Date: Sat, 18 Dec 2004 11:39:29 -0500
From: ma_twain <ma_twainnospamo.com>
Subject: Re: 9-3 2003-2005 Safety Rating - Double Pick


Shane Almeida wrote: > On Fri, 17 Dec 2004 17:36:27 -0500, ma_twain wrote: > >> I don't find it unlikely. Do you really think the accountants in the GM >> headquarters and GM executives get out and prowl around the design labs >> of every factory? Once the 9-3 was built and crash tested, it was too >> late amd too expensive to "roll back" the change. The only thing the GM >> execs could do was make an example of the Saab engineers who pulled a >> fast one on them. >> > > I'm assuming that changing a chassis on a car that's already been designed > is not easy to do. Isn't the point of a common chassis reduced R&D and > production costs? It seems like that would be an undertaking that > wouldn't go unnoticed.

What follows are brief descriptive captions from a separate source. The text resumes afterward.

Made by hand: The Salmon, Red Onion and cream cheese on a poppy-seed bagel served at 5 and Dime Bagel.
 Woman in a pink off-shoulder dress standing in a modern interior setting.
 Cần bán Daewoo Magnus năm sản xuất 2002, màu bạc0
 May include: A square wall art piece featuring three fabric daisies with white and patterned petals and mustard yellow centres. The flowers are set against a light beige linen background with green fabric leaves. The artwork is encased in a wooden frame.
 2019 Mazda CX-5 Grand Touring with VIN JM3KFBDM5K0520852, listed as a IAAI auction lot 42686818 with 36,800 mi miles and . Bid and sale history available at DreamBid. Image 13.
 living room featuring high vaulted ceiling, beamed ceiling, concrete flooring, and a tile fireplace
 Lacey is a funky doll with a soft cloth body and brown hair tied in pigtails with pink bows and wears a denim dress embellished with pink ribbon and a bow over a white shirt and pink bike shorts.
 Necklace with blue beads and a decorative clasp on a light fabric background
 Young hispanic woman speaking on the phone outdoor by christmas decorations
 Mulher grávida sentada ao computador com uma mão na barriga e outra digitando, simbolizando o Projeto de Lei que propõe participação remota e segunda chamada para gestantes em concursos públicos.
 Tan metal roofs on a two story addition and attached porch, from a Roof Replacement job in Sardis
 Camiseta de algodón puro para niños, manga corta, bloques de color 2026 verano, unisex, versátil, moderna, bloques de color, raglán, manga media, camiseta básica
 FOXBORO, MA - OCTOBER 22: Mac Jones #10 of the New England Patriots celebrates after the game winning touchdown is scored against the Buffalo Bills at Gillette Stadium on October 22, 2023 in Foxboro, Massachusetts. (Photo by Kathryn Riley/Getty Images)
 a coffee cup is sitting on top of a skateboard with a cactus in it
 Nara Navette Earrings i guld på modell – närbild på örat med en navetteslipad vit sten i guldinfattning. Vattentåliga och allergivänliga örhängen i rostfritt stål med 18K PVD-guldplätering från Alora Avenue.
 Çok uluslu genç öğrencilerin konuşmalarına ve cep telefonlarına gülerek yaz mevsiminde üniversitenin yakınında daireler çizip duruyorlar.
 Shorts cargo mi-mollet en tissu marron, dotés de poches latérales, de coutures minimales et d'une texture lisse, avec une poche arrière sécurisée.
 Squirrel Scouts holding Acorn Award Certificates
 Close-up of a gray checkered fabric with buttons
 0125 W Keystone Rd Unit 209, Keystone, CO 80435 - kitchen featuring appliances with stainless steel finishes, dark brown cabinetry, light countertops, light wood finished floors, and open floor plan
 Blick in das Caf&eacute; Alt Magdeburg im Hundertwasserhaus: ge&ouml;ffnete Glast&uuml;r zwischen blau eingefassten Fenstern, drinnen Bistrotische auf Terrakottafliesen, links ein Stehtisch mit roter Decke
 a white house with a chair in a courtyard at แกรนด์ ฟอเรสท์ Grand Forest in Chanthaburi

Wouldn't you have to modify the assembly line to > produce a different product? Unless I'm overestimating the work involved > in changing the design, I can't imagine those kinds of changes going > unnoticed. Maybe the changes they made were small but important? > Major changes can go unnoticed by higher level execs and accountants all the time. How many times have your heard "Who authorized that change?" after a product/system fails after being put into production. Only then does it get the attention of the execs. In this case, it was not a failure but an embarassing success. The questions asked probably included why did the Saab chassis do so well when the other common chassis vehicles did not. Yes, the car won the highest crash test rating, but it failed to save money. Which do you think is more important to the execs and accountants?